Faces de Eva. Estudos sobre a Mulher  no.46 Lisboa dic. 2021  Epub 04-Feb-2022

https://doi.org/10.34619/czfa-szw5 

Recensões

Ramos, A., Cachola, A. C., Silveira, A., Bonnin A., Alfaro, C., Rosendo, C., Diserens, C., …, Maia, T. (2021). Tudo o que eu quero: Artistas portuguesas de 1900 a 2020. Fundação Calouste Gulbenkian; Imprensa Nacional-Casa da Moeda (336 pp.)

1iUniversidade NOVA de Lisboa, Faculdade de Ciências Sociais e Humanas, Centro Interdisciplinar de Ciências Sociais (CICS.NOVA), Faces de Eva. Estudos sobre a Mulher, 1069-061 Lisboa, Portugal


Tudo o que eu quero. Artistas portuguesas de 1900 a 2020 é uma obra editada por altura da exposição homónima que esteve patente entre 2 de Junho e 23 de Agosto de 2021, no Museu Calouste Gulbenkian, revisitando obras de 40 artistas portuguesas de referência em diferentes áreas como pintura, escultura, desenho, cerâmica, instalação, vídeo, fotografia.

Abrangendo o período temporal desde o início do século XX até à actualidade, esta exposição e publicação propõem, como fica explícito, no ensaio introdutório de Helena de Freitas e Bruno Marchand, curadores da mostra, uma reflexão sobre o “histórico apagamento a que as artistas mulheres e as suas produções estiveram desde sempre sujeitas” (p. 25). Esta reparação histórica sobre a falta de inscrição das mulheres artistas nos cânones artísticos constitui o seu objectivo central, pretendendo contribuir para a construção da História da “arte sem história” (Vicente, 2012).

Qualquer trabalho artístico só se infiltra nos cânones artísticos se for exposto, comentado, debatido, analisado, criticado, reposto, reavaliado, existindo muitas fissuras nos processos de construção da memória histórica, sendo esta exposição e publicação inegáveis contributos para a reposição legítima do lugar das mulheres artistas na História da Arte.

De acordo com perspectivas feministas contemporâneas (Nochlin, 1999; Pollock, 1999), apesar de ser relevante dar visibilidade ao trabalho de mulheres artistas, não chega acrescentar a sua obra aos movimentos e estilos identificados pela História da Arte, sendo essencial reflectir criticamente sobre os pressupostos desta área do saber que levaram (e ainda levam) à exclusão das mulheres.

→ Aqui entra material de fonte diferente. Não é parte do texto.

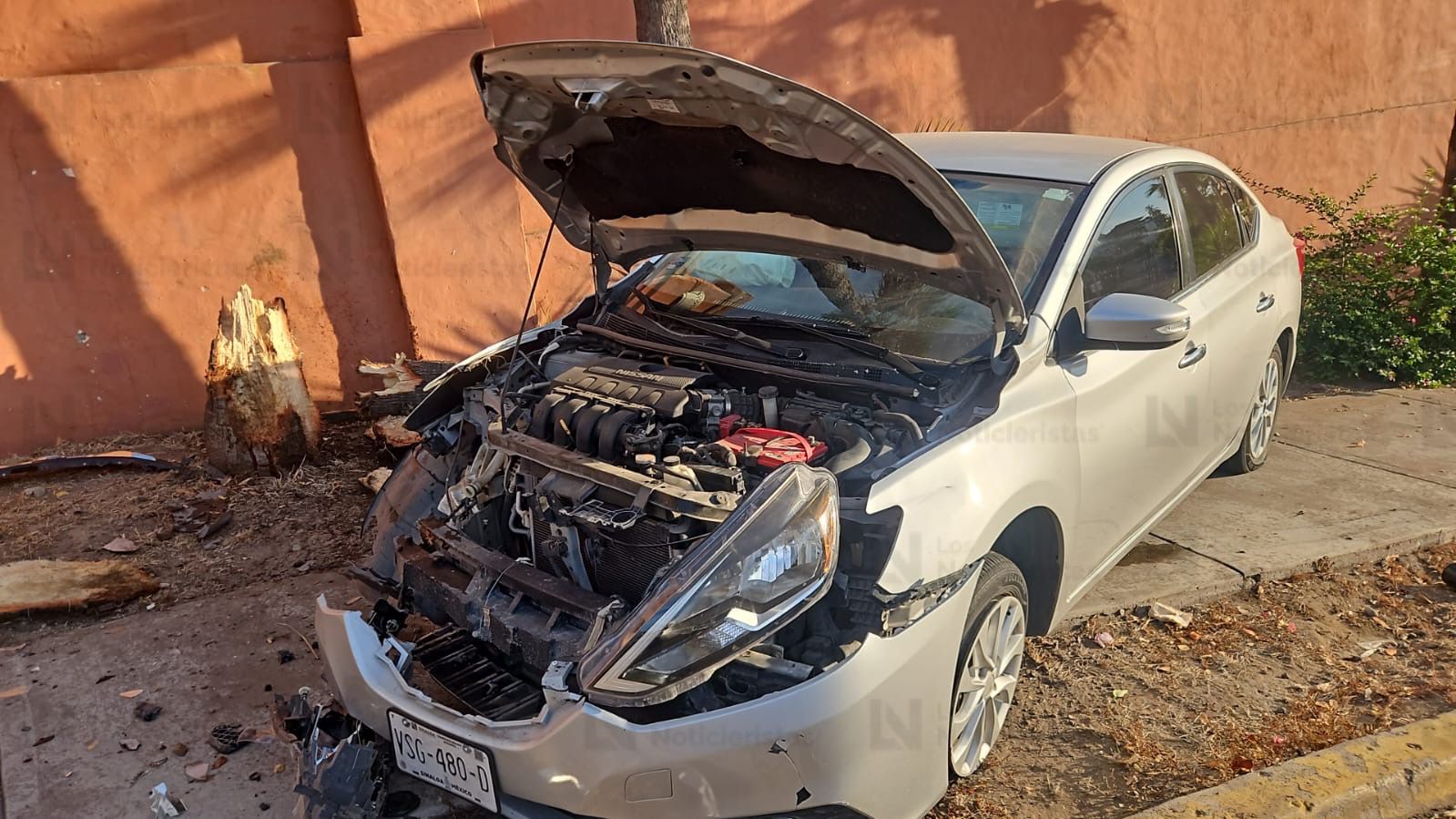 Nissan Sentra color gris chocado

O título da exposição foi inspirado no poema escrito por Lou Andreas-Salomé (1861-1937), filósofa, escritora e psicanalista que, em toda a sua obra, reflectiu sobre o lugar das mulheres não só no espaço social, profissional e intelectual como nas suas relações familiares, amorosas e sexuais, sob o desígnio da autodeterminação individual. A luta das mulheres pelo espaço pessoal, patente no pensamento desta autora, remete-nos inevitavelmente para as reflexões de Virginia Woolf (1929): “que condições são necessárias à criação de obras de arte?” (p. 18).

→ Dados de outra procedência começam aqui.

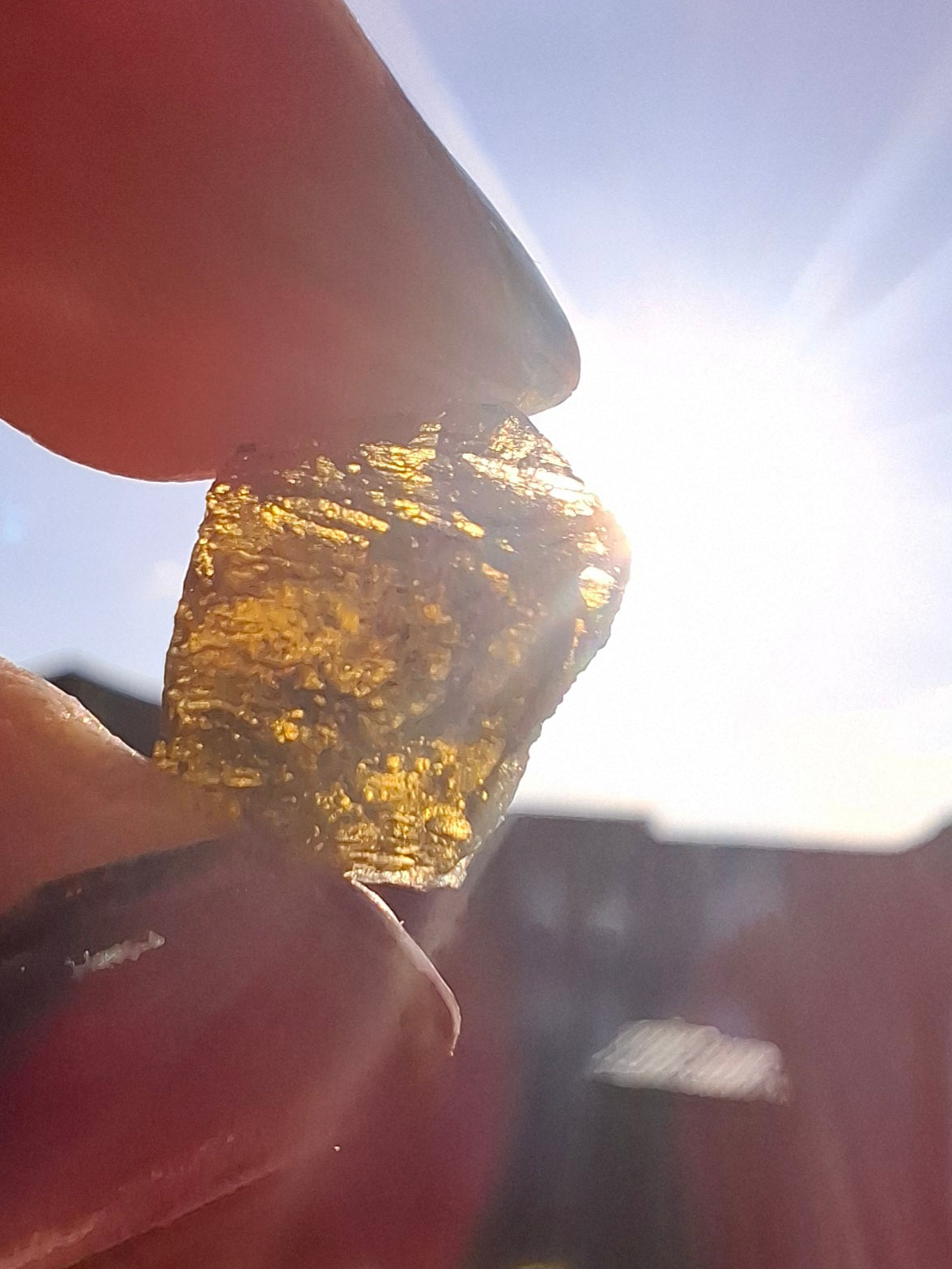 Moldavite Piece, 0.87g, Tektite (Ref: 1392)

Para além do ensaio introdutório referido, esta obra é constituída por um conjunto de capítulos dedicados a cada artista que integra esta iniciativa: Aurélia de Sousa, Mily Possoz, Rosa Ramalho, Maria Lamas, Sarah Affonso, Ofélia Marques, Maria Helena Vieira da Silva, Maria Keil, Salette Tavares, Menez, Ana Hatherly, Lourdes Castro, Helena Almeida, Paula Rego, Maria Antónia Siza, Ana Vieira, Maria José Oliveira, Clara Menéres, Graça Morais, Maria José Aguiar, Luisa Cunha, Rosa Carvalho, Ana Léon, Ângela Ferreira, Joana Rosa, Ana Vidigal, Armanda Duarte, Fernanda Fragateiro, Patrícia Garrido, Gabriela Albergaria, Susanne Themlitz, Grada Kilomba, Maria Capelo, Patrícia Almeida, Joana Vasconcelos, Carla Filipe, Filipa César, Inês Botelho, Isabel Carvalho e Sónia Almeida.

O enquadramento cronológico da exposição, presente no seu subtítulo, deve-se à percepção, no contexto da História da Arte, de que foi precisamente na viragem do século XX que as artistas portuguesas iniciaram, ainda que timidamente, “o longo e difícil caminho da sua autonomia, da sua presença e autodeterminação artística” (p. 26), assistindo-se a uma explosão da sua actividade após a Revolução de 25 de Abril de 1974.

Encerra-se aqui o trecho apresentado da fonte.